* EXERCISE DETAILS:
Output must consist only of the lines of the material below from the one with "StarTech.com Portable Laptop" through the one with "cute little hearts", each reproduced exactly; no pictures belong in it.

* SUPPLIED MATERIAL:
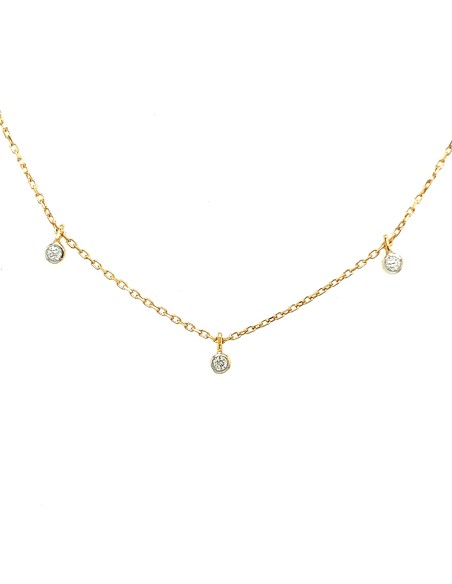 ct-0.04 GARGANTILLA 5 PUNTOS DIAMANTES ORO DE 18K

* * *

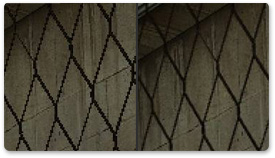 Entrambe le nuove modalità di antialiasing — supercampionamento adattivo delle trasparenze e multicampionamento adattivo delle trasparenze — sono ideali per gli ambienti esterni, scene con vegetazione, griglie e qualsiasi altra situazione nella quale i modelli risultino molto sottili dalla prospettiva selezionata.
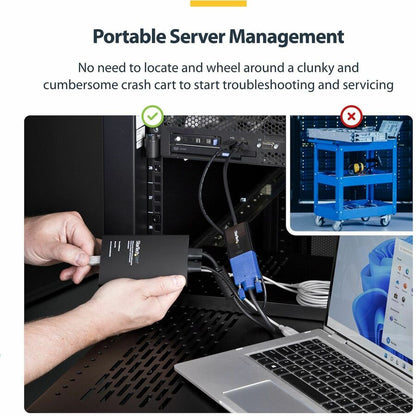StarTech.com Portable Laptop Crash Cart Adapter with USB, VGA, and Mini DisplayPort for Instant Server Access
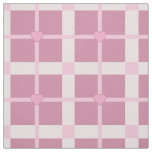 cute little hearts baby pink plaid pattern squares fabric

* RESPONSE FOR THIS EXERCISE:
StarTech.com Portable Laptop Crash Cart Adapter with USB, VGA, and Mini DisplayPort for Instant Server Access
 cute little hearts baby pink plaid pattern squares fabric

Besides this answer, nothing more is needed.